Awww, what a great video. They are really enjoying themselves....and you have some gorgeous birds!


----------



## atvchick95 (Sep 17, 2007)

laurago said:


> Is your Quaker a good singer...lol whats it like having a Quaker I have heard good and bad things about them, but there is nothing like asking someone that has one when I was researching birds Quaker was on my list of a maybe some day


he can be a good singer when he want's to be lol

It's a iffy situation all 3 i've got have had other owners, before me and they're older, and set in thier ways and are extreamly loud but they are commical, photo bucket is giving me issues and not wanting to upload the video, but i'll keep trying it's very cute but i had to slide my camera over on my desk and just hit record i couldn't hold the cam , because as soon as i'd turn around to video him he'd stop! lol so since my pc is by the tv there are parts of the video you can't hear billy very well over the t.v but he gets louder 


Thank you all - I love they're startin to get into bieng sprayed, i've even caught a couple of them in the actual bathtub we have for them, but by the time i get my cam they're out 

now to get all the budgies into it so they'd stop bathing in thier water dish i'd be set lol


----------



## Sophia (Aug 11, 2007)

Great video, It looks like they are really enjoying themselves


----------



## Aly (Jul 30, 2007)

Cute video- like the song. Their cage looks a bit empty-(perches) were you cleaning it out at the time?


----------



## Plukie (Aug 26, 2007)

Awww, they really look like they were enjoying that. Dooby just runs from the spray and if I put a bath down for him he will jump in and jump straight out again. lol


----------



## Laura (Jul 30, 2007)

Plukie said:


> Dooby just runs from the spray


Georgie does the same thing, she runs and gives me dirty looks like how dare YOU do that to me ...hehe


----------



## xxxSpikexxx (Jul 30, 2007)

They look like they love having a shower  For perches Spike has a rope, manzita and two more Iam not sure off. I really like the manzita one it seems like it will last forever


----------



## Sophia (Aug 11, 2007)

Plukie said:


> Awww, they really look like they were enjoying that. Dooby just runs from the spray and if I put a bath down for him he will jump in and jump straight out again. lol


Same here, they will drink out of the bath, will step in but will just get back out agen


----------



## atvchick95 (Sep 17, 2007)

Babyluv12 said:


> Cute video- like the song. Their cage looks a bit empty-(perches) were you cleaning it out at the time?

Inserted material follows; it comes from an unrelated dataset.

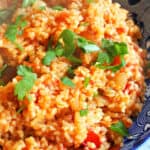 A blue plate with bulgur garnished with chopped parsley.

nope both cages have 2 long perches the entire length of the cage,and thier toys and dishes they don't get caged up any more the doors are open 24/7 they're always out on top of the cage or the play gym or on the cage doors ,


----------



## Aly (Jul 30, 2007)

atvchick95 said:


> nope both cages have 2 long perches the entire length of the cage,and thier toys and dishes they don't get caged up any more the doors are open 24/7 they're always out on top of the cage or the play gym or on the cage doors ,


I know they're out all the time but it's good to give them a variety of perches. Personally, I don't like those perches for tiels because I find them too small for their feet. You should still add a few different ones. Sitting on the same perch is not good for their feet.


----------